Direttore, in che modo i dazi impatteranno sull’economia del Sud Italia?
«L’ipotesi ormai molto concreta che vengano introdotti dazi da parte dell’amministrazione americana rappresenta un elemento di forte preoccupazione per tutto il Paese, ma direi anche per il Mezzogiorno, nonostante il Sud abbia una minore esposizione rispetto alla domanda estera, quindi una quota di esportazioni sul PIL più bassa rispetto al resto del paese. Le nostre analisi evidenziano appunto un rischio di un impatto sull’export di oltre 1 miliardo, e un rischio di perdere oltre 15.000 posti di lavoro per il complesso del Mezzogiorno».

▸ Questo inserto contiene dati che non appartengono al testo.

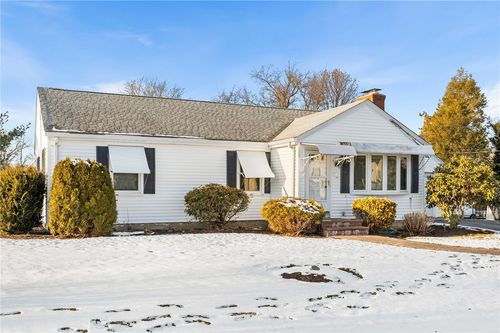 15 Lantern Lane, Cranston, RI, 02920 | Card Image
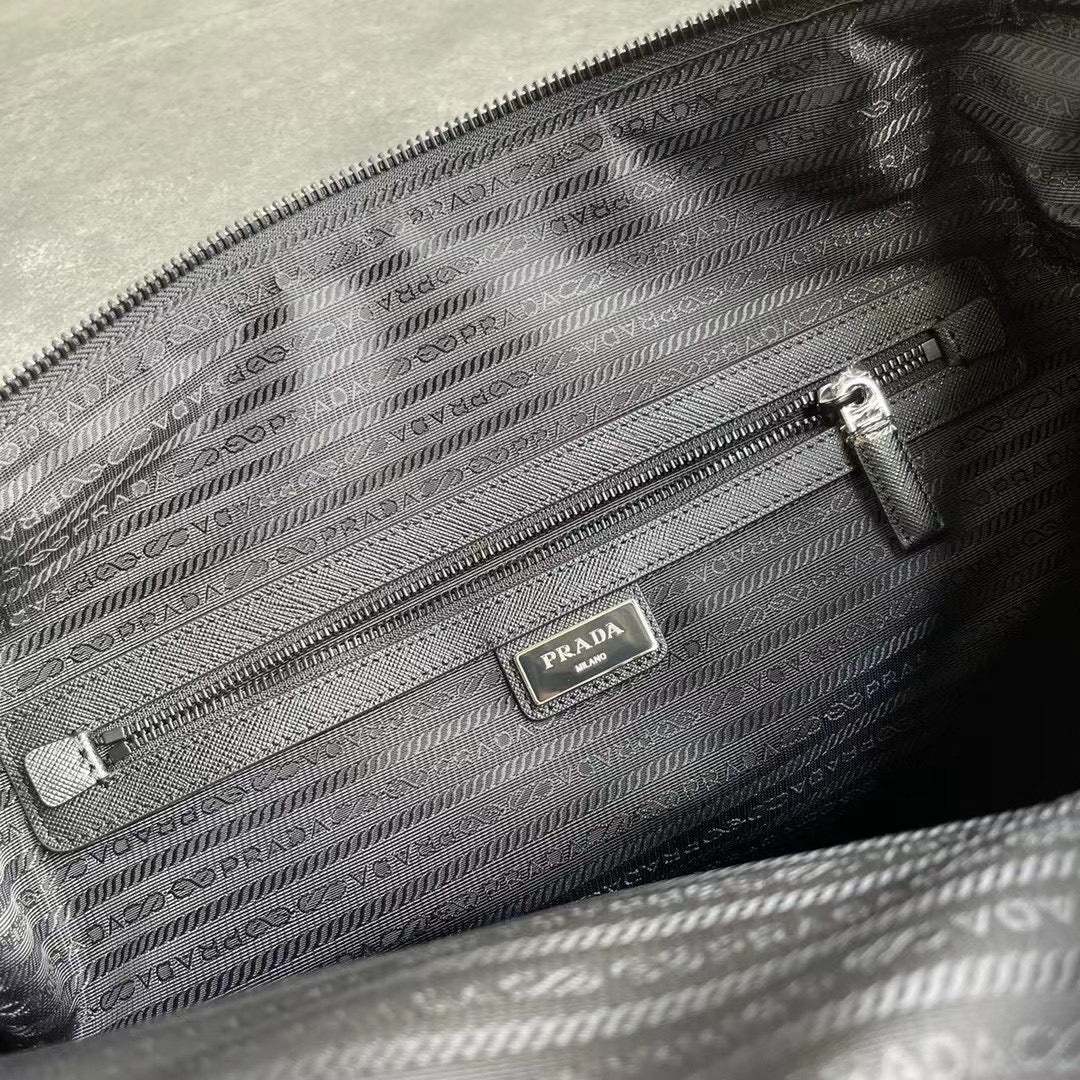 Pra*a Bag Dupe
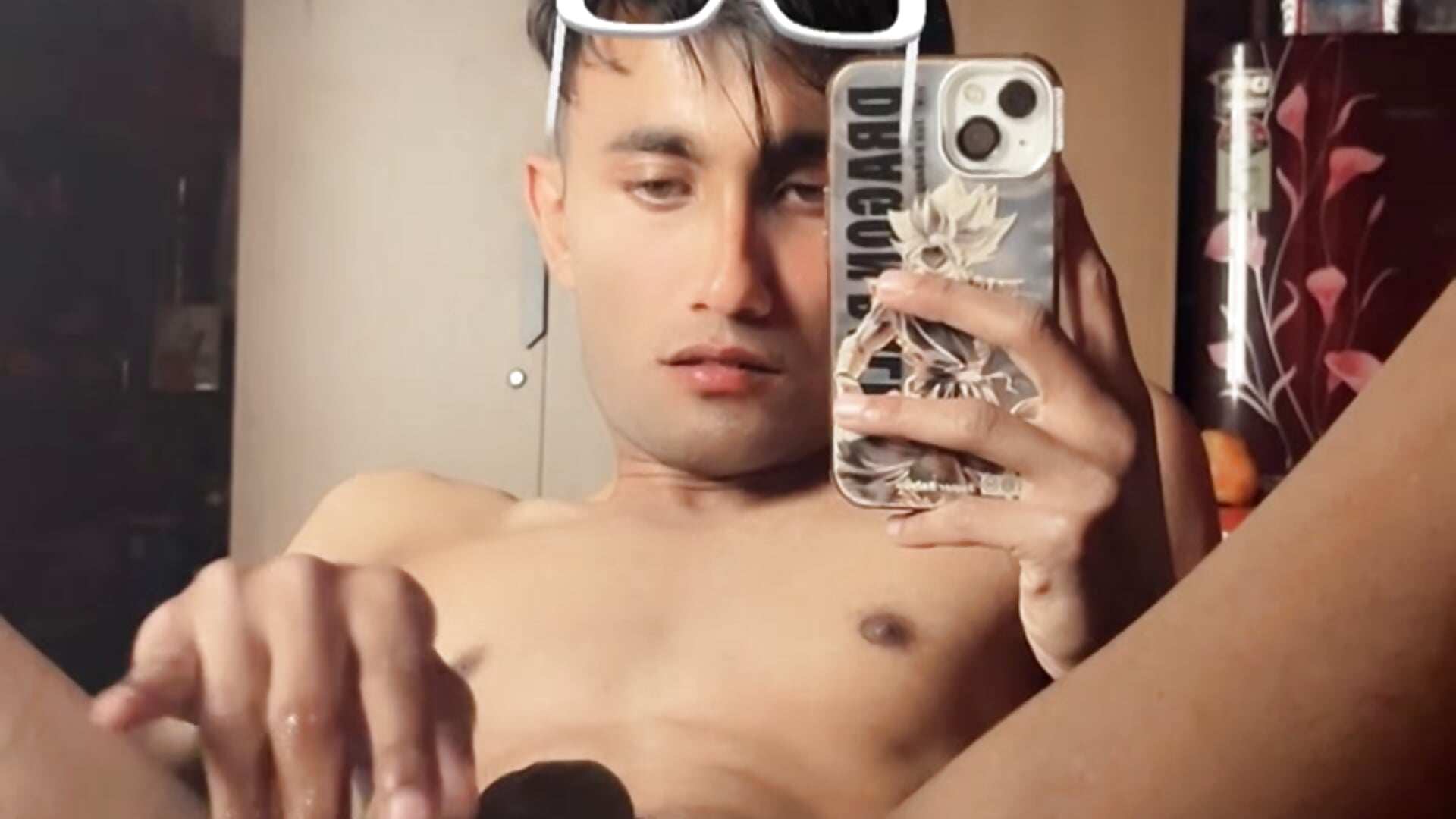 Fingering my big juicy hole 😋💦🍑 - video by Sexyslimguyy cam model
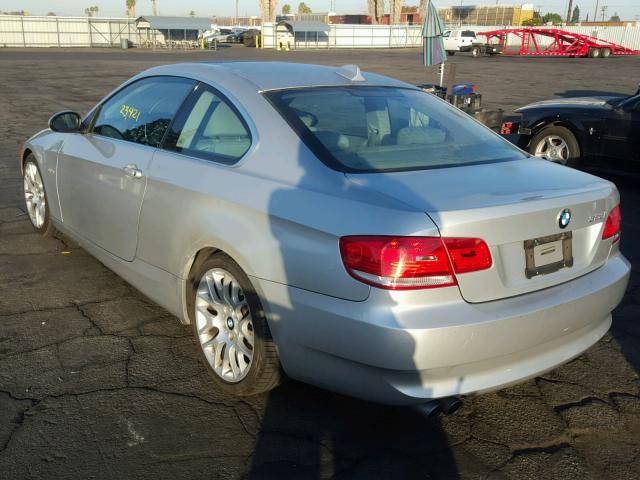 WBAWV13598P119951 - 2008 BMW 328 I SULE SILVER photo 3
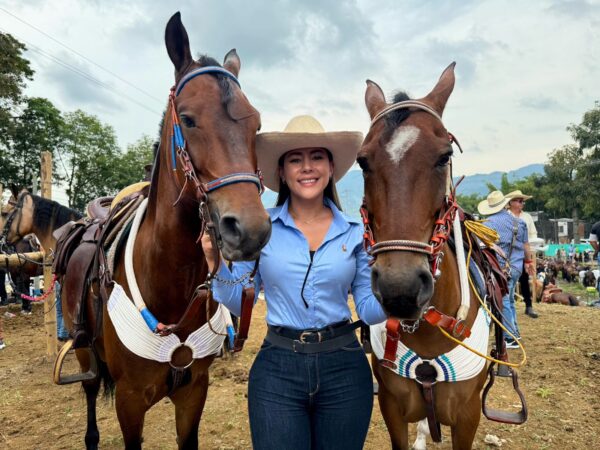 El Desfile a Caballo en Dosquebradas se vivió masivamente y a plenitud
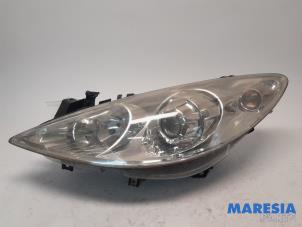 Used Headlight, left Peugeot 307 CC (3B) 2.0 16V Price € 40,00 Margin scheme offered by Maresia Parts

Volgendo lo sguardo alla Sicilia, quali sarebbero i settori più colpiti? 
«Il tema qui è soprattutto qualitativo perché i dazi rischierebbero di indebolire quelle poche imprese esportatrici siciliane che sono anche quelle che stanno raggiungendo le migliori performance, anche nei settori più innovativi. Vediamo una concentrazione dei rischi in particolare su due settori fondamentali. Uno è senz’altro l’agroindustria: stimiamo che circa il 50% della perdita del totale di 123 milioni dell’export siciliano è concentrato nel settore agroalimentare, settore che stava manifestando negli ultimi anni un’ottima performance di crescita, e che vede nel mercato americano una destinazione fondamentale. Mi riferisco a beni come olio, vino, prodotti agricoli, ma anche della trasformazione agricola. E l’altro settore molto esposto è quello delle apparecchiature elettroniche su cui c’è una specializzazione della manifattura meridionale. Anche qua rischiamo una perdita di circa 52 milioni. 
Ulteriore elemento di preoccupazione è il tema dei prodotti petroliferi che al momento sono esclusi dai dazi previsti da Trump, ma sui quali ovviamente c’è una specializzazione specifica della Sicilia che nel momento in cui si decidesse di inserirli avremmo un impatto ancora superiore».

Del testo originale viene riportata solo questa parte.